■ WHAT YOU WILL DO
Set down each line of the material that follows, exactly, with no pictures.

■ SUPPLIED MATERIAL
****************

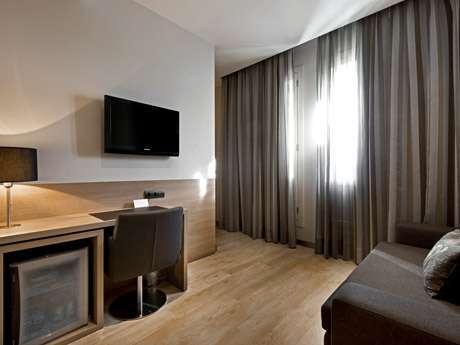 Habitación doble Balcón o Terraza Superior del hotel Catalonia Atocha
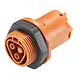 Wieland 96.021.5051.4 RST20i2 connector 2-polig 50V 20A IP66/IP68/IP69 halogeenvrij bruin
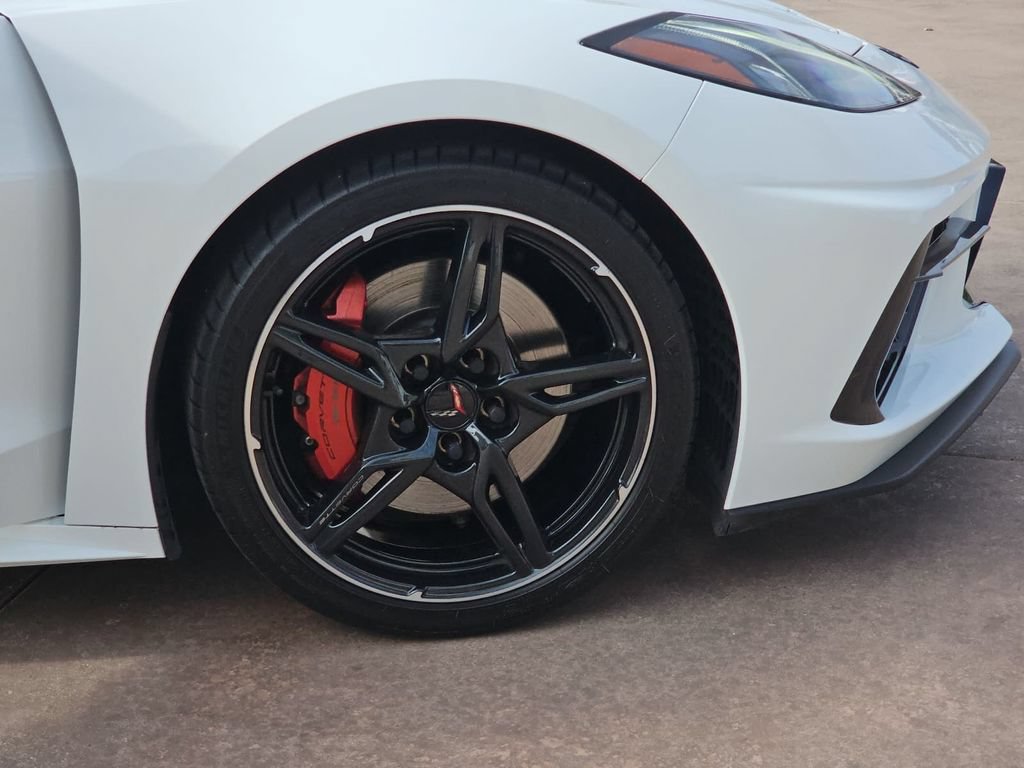 Used 2021 Chevrolet Corvette Stingray Preferred Cpe w/ Z51 Performance Package RWD image 40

****************

■ EXPECTED ANSWER
 Habitación doble Balcón o Terraza Superior del hotel Catalonia Atocha
 Wieland 96.021.5051.4 RST20i2 connector 2-polig 50V 20A IP66/IP68/IP69 halogeenvrij bruin
 Used 2021 Chevrolet Corvette Stingray Preferred Cpe w/ Z51 Performance Package RWD image 40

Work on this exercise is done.